◆ Provided data
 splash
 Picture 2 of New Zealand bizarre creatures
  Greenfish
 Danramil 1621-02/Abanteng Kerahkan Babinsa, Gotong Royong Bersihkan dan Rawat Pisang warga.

◆ Assigned task
Output the entire listing above exactly, keeping each line as it is.

◆ Answer to the problem
 splash
 Picture 2 of New Zealand bizarre creatures
  Greenfish
 Danramil 1621-02/Abanteng Kerahkan Babinsa, Gotong Royong Bersihkan dan Rawat Pisang warga.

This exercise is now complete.